Your reply should consist of the entries, copied exactly and stripped of images.

== RECORDS SHOWN ==
*** Begin section ***
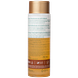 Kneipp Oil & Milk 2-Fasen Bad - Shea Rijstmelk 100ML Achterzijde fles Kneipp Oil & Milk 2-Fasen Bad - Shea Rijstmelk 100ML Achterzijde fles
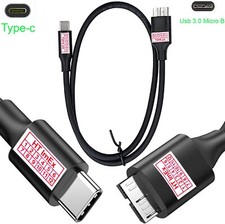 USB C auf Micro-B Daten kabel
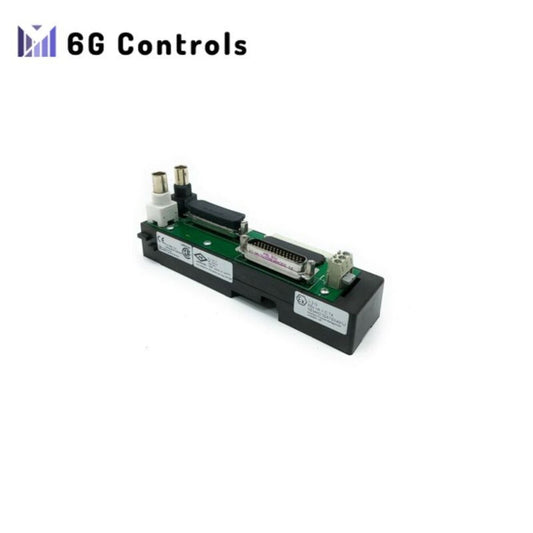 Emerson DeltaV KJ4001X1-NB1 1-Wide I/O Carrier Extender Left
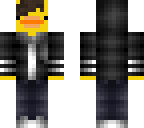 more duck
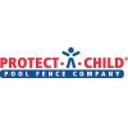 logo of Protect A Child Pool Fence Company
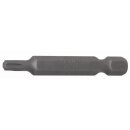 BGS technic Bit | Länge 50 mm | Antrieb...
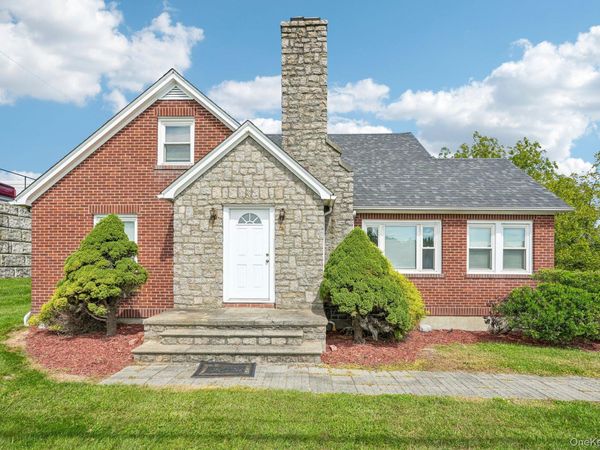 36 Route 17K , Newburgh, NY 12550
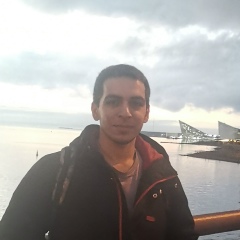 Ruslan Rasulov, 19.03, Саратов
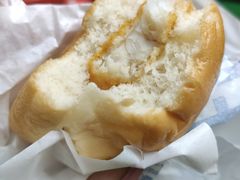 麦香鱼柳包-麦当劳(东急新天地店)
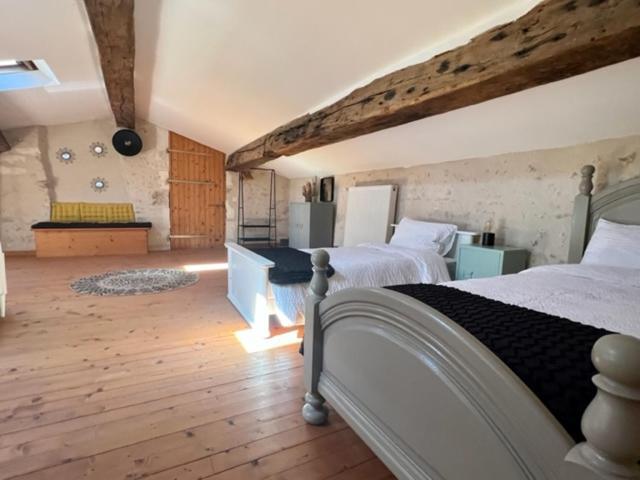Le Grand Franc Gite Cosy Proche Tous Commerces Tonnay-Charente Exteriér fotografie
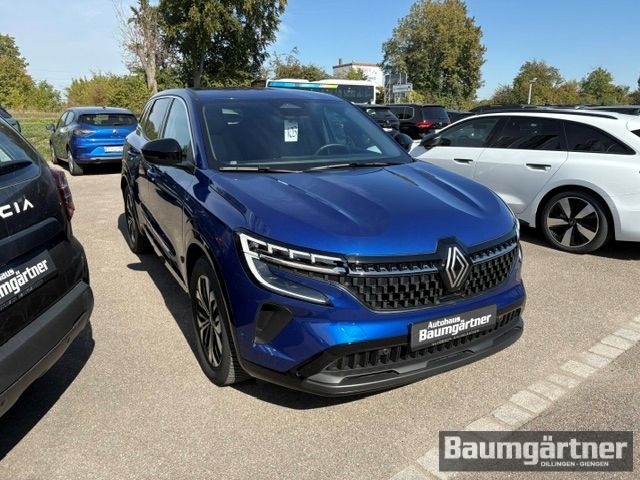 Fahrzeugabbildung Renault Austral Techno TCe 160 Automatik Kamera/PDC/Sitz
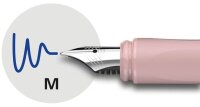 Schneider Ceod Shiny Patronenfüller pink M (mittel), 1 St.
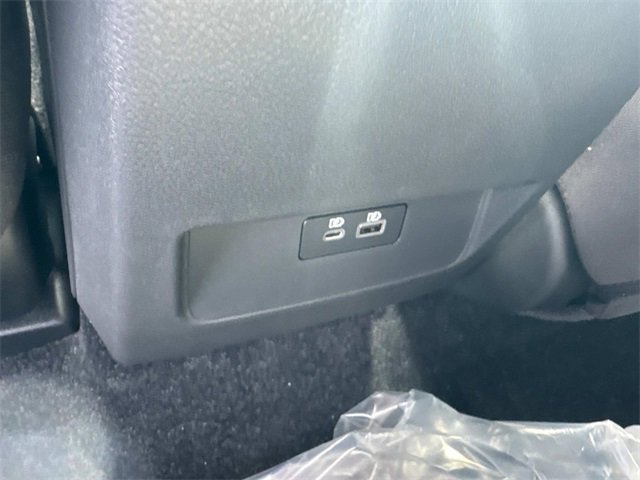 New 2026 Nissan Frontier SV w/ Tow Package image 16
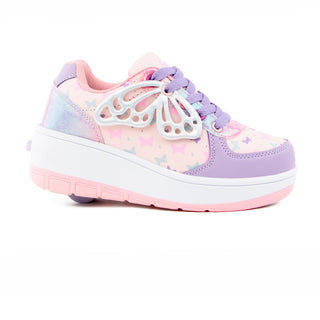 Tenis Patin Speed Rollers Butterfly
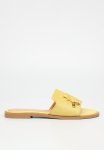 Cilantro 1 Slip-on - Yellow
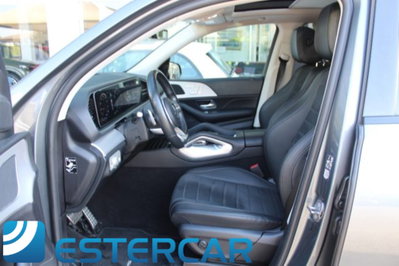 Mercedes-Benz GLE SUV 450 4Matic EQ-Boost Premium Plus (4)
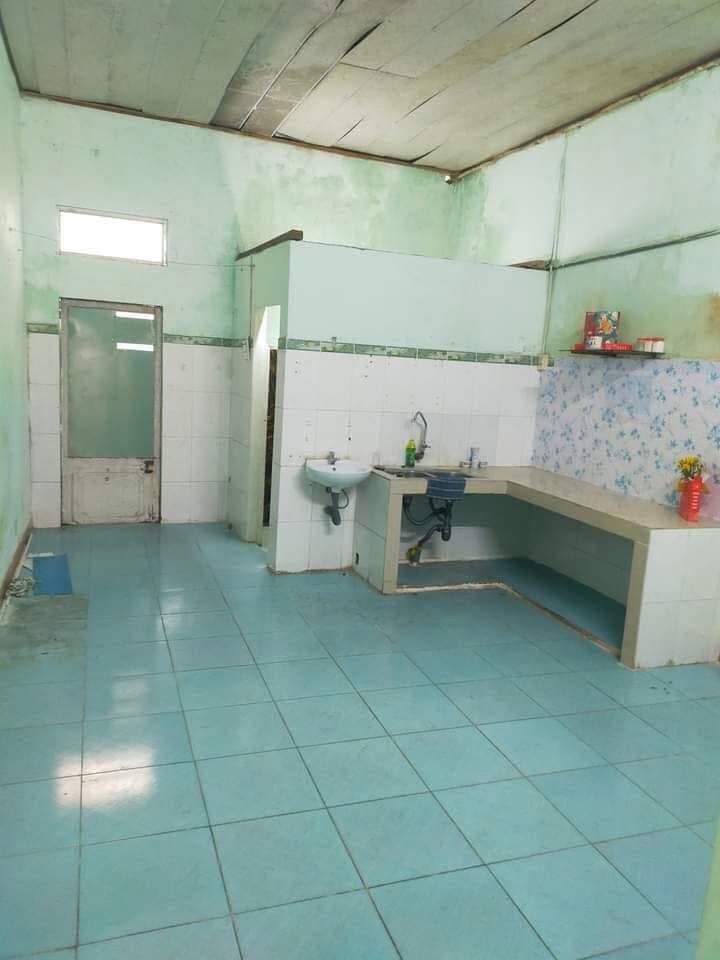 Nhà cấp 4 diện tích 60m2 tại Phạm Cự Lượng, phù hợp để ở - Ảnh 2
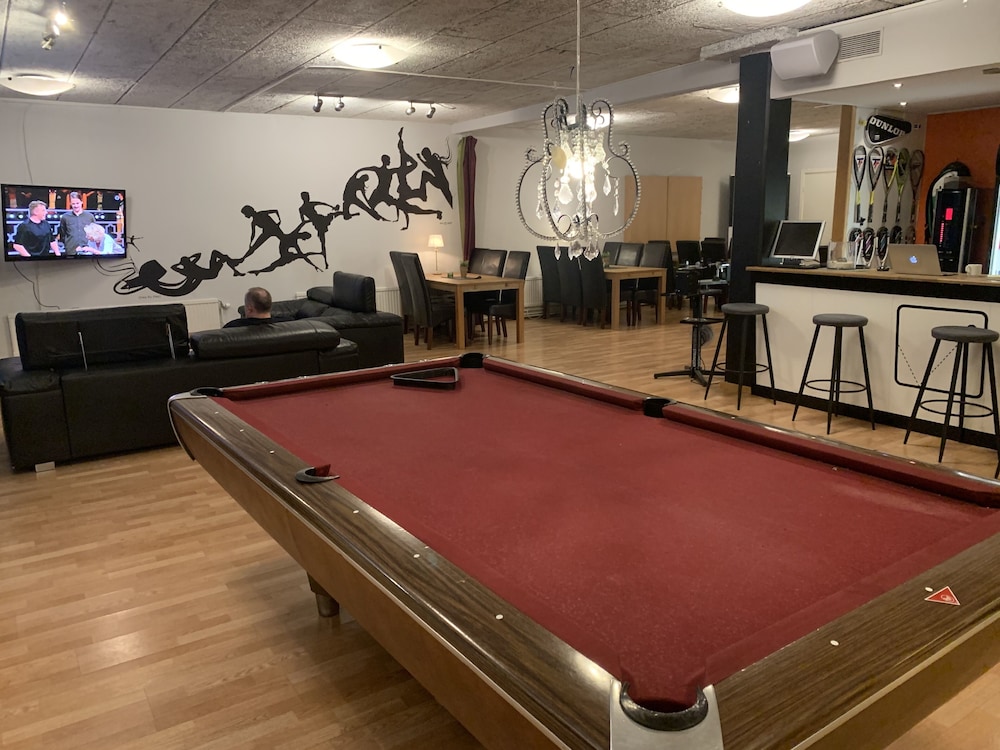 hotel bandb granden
*** End section ***
== PROBLEM SOLUTION ==
 Kneipp Oil & Milk 2-Fasen Bad - Shea Rijstmelk 100ML Achterzijde fles Kneipp Oil & Milk 2-Fasen Bad - Shea Rijstmelk 100ML Achterzijde fles
 USB C auf Micro-B Daten kabel
 Emerson DeltaV KJ4001X1-NB1 1-Wide I/O Carrier Extender Left
 more duck
 logo of Protect A Child Pool Fence Company
 BGS technic Bit | Länge 50 mm | Antrieb...
 36 Route 17K , Newburgh, NY 12550
 Ruslan Rasulov, 19.03, Саратов
 麦香鱼柳包-麦当劳(东急新天地店)
Le Grand Franc Gite Cosy Proche Tous Commerces Tonnay-Charente Exteriér fotografie
 Fahrzeugabbildung Renault Austral Techno TCe 160 Automatik Kamera/PDC/Sitz
 Schneider Ceod Shiny Patronenfüller pink M (mittel), 1 St.
 New 2026 Nissan Frontier SV w/ Tow Package image 16
 Tenis Patin Speed Rollers Butterfly
 Cilantro 1 Slip-on - Yellow
 Mercedes-Benz GLE SUV 450 4Matic EQ-Boost Premium Plus (4)
 Nhà cấp 4 diện tích 60m2 tại Phạm Cự Lượng, phù hợp để ở - Ảnh 2
 hotel bandb granden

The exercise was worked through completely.